Ecto preloading with subquery for pagination with limit

rmoretto · February 3, 2023, 8:07pm

I’m trying to replicate the following PostgreSQL query with ecto:

SELECT *
FROM (SELECT * FROM event LIMIT 1000) as e
LEFT JOIN event_runner as er ON e.id = er.event_id

The idea is to limit only the FROM part of the query, returning the correct amount of events stopping the results from the JOINs interfering with the limit count, as it would occur if I used a LIMIT clause in the main query, as there is multiple event_runners for one event, defined as a has_many in the Event schema.

That said I trying to use the current ecto query:

event_query = from e in Event, limit: ^max_rows

from f in subquery(event_query),
  left_join: er in assoc(f, :event_runners),
  preload: [event_runners: er]

However when I run the above query I get the following error:

** (Ecto.QueryError) can only preload sources with a schema (fragments, binary and subqueries are not supported) in query:

     from e0 in subquery(from f0 in MyApp.Event,
       limit: 100,
       select: f0),
       join: e1 in MyApp.EventRunner,
       on: e1.event_id == e0.id,
       select: e0,
       preload: [event_runners: er]

The error is clear, I can’t do a preload with subquery as a source schema, but the use of preload from the join part would be ideal, as we are receiving a lot of request and for each entry returned a separated query is executed if we use the Repo.preload function.

Is there any way to get around this limitation?
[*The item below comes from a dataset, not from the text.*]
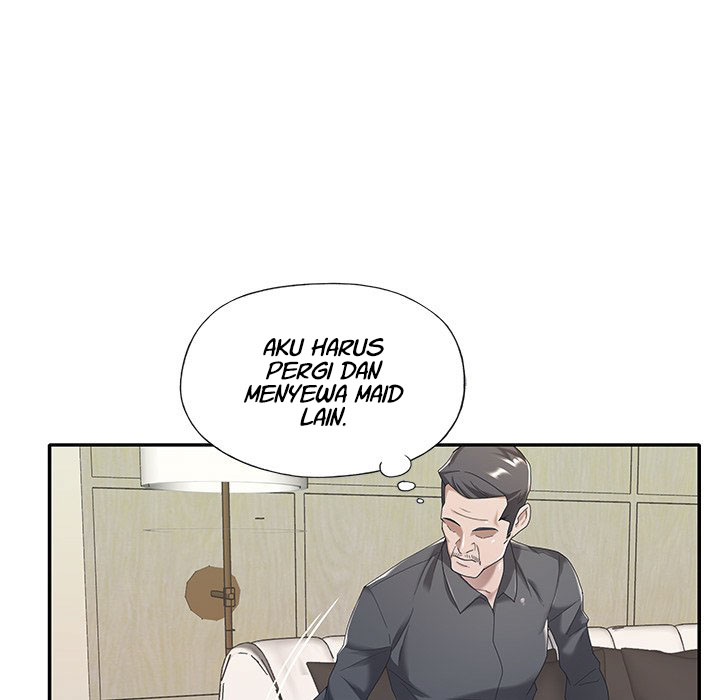 Maid (KOI) - Chapter 9 61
Or, is it possible to rewrite this piece of code to make the limit only affect the FROM clause?

joey_the_snake · February 3, 2023, 8:50pm

Postgres is smart enough not to join the entire tables before taking the limit so you can get rid of the subquery and just put the limit on the outside. At least it works on my version of postgres. Try out these 2 queries in a safe environment and compare how long they take to run

SELECT * from event e LEFT JOIN event_runner er on e.id = er.event_id LIMIT 1

SELECT * from event e LEFT JOIN event_runner er on e.id = er.event_id

If limit is happening after the entire tables are joined then they should take the same time. In my testing the first is happening instantaneously while the second takes a long time.

rmoretto · February 3, 2023, 9:02pm

Hey, thanks for the response, which version of postgres are you using?

joey_the_snake · February 3, 2023, 10:35pm

I am using Postgres 13.

But now I realized what I said only works if there is at most on event runner per event. Otherwise you’ll get 1000 results but not 1000 events if one event has more than one runner. What is the cardinality of the relationship ?

rmoretto · February 3, 2023, 11:10pm

Should have stated the cardinality in the post, the Event schema has a has_many relationship to the EventRunner. One event can have 0…n event_runners.

joey_the_snake · February 3, 2023, 11:17pm

Ah then you might need to use the separate preload query. I know it’s not what you want but it’s supposed to be more efficient anyways for one to many relationships. Otherwise your main table will have duplicated rows sent from the DB to Elixir.

joey_the_snake · February 3, 2023, 11:19pm

Or if you’re deadset against a separate preload query you would have to do some kind of homegrown solution like this

from e in subquery(....), left_join: er in EventRunner, on e.id == er.event_id, select {e, er}

Then perform the aggregation yourself on the results

rmoretto · February 3, 2023, 11:42pm

Correct me if I’m wrong, but using the Repo.preload(events, :event_runner) in a list of 1000 Events, wouldn’t the preload run 1000 queries to retrieve all EventRunners data? Looking at the application logs with level: :debug, it seems that this is the case.

joey_the_snake · February 3, 2023, 11:47pm

It would only run one query, something like select * from event_runner where event_id in (....).

rmoretto · February 3, 2023, 11:48pm

That is true, I was inspecting the wrong logs, thanks for the help!